D.W. Griffith's "The Birth Of A Nation"

I have to tread carefully in North/South matters, ever since I discovered a few years ago that I'm related to Jefferson Davis by marriage. I had never seen D.W. Griffith's "The Birth Of A Nation". I wondered what made it so controversial. So I rented the VHS tapes to find out.

The first half of the movie seemed quite mild. The northern Stoneman family, and the southern Cameron family, are on good terms, despite disparate politics. There is a definite southern bias, but like I say, quite mild. Elsie Stoneman (Lillian Gish) is clearly the heroine, but I found Margaret Cameron (Miriam Cooper) more attractive. I'm surprised to find that Flora Cameron (Mae Marsh) was actually born in Madrid, New Mexico: who knows, maybe she actually knew my forbears from that neighborhood?
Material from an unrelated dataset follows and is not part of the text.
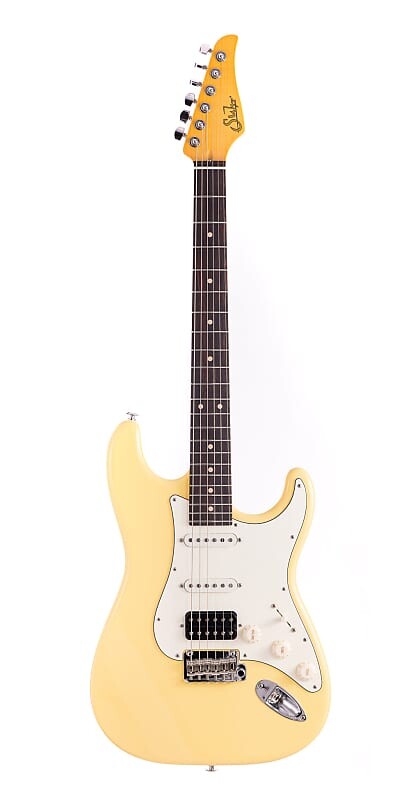 

Электрогитара Suhr Classic S Antique, Vintage Yellow, Indian Rosewood Fingerboard, HSS, SSCII
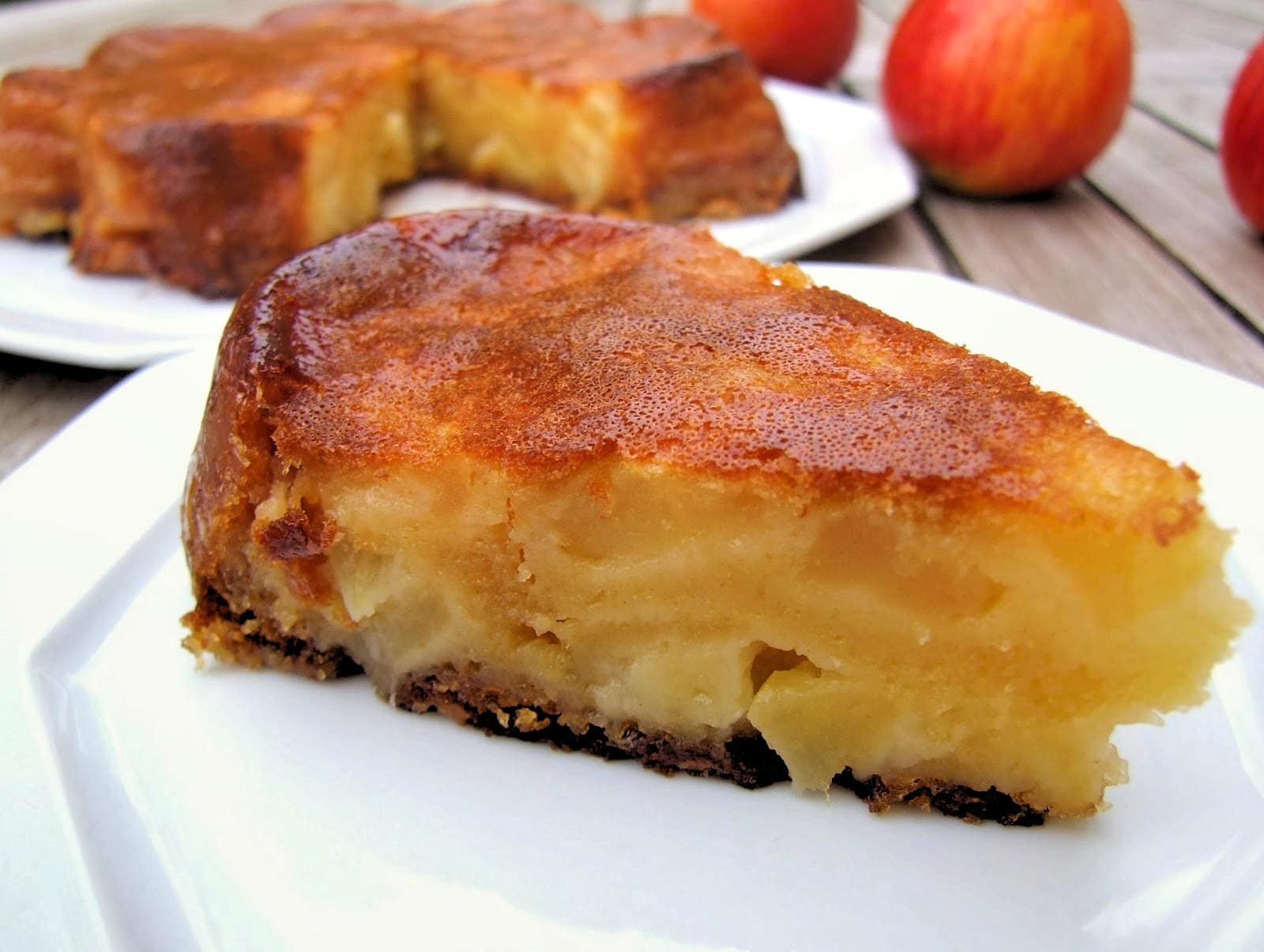Le thème du mois : les Gâteaux aux Pommes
Before seeing the movie, I wondered whether the Birth of the title referred to the Confederacy. Apparently not. Then I wondered whether it referred to the refounding of the United States after the Civil War.

We still look at the events of 1776 as the beginning of the nation, but there is an alternative interpretation, that it was only after Lee's surrender at Appomattox Court House that the nation actually was founded, and the States finally eclipsed. It's definitely a minority opinion, but still, it's a respectable opinion that some historians find attractive. Griffith seems to endorse this view, but nevertheless, that isn't the Birth he refers to.
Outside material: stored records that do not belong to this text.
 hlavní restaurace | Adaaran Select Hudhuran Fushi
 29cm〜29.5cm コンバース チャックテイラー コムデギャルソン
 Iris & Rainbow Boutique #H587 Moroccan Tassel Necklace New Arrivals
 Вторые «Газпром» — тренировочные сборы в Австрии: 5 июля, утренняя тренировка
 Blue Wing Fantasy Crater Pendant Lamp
Abraham Lincoln seems quite distant at first, but because of his magnanimous nature, and his mercy, he is seen as a genuine statesman. His assassination is treated by the southerners as a great disaster. So, excepting some weirdness regarding Austin Stoneman's mulatto maid, and many characters appearing in blackface, the first half of the movie is quite mild.

Then, the movie heads out into outer space. The second half of the movie is all about Reconstruction. A mongrel army of Negroes, mulattoes, scalawags, carpetbaggers, and Radicals afflict the South. Watching the Ku Klux Klan save the day, cavalry-style, to 'The Ride of the Valkyries' left me dumbfounded, my mouth agape. The 'Birth' of the Nation refers to the Birth of the Aryan Nation - Northern and Southern whites united together against the black horde. Oh, so this is why the movie is controversial!

The movie was accompanied with a small documentary explaining the origins of the movie and matters related to its filming. Very impressive! The documentary featured a quote from John Hope Franklin (related to some extent here):
As John Hope Franklin has written, "The supreme tragedy is that in The Clansman (the book on which the film is based) and in 'Birth of a Nation,' [author] Thomas Dixon succeeded in using a powerful and wonderful new instrument of communication to perpetuate a cruel hoax on the American people that has come distressingly close to being permanent."

..."First," Professor Franklin said, "we have a picture of negro rule that existed no where in the South. ... Second, it is a picture of a prolonged drunken brawl ... and third, it is a picture of a reign of black terror that began with the surrender at Appomattox and continued until the withdrawal of the last troops from the South."

Some 50 million people saw "The Birth of a Nation" in the five years after its release. And, as Pat Loughney, curator in the Motion Picture, Broadcasting and Recorded Sound Division, writes in his notes to the film, "Griffith's heavily propagandized version of race history, reinforced by an emotionally charged melodrama, was absorbed as truth by a majority of those who saw it."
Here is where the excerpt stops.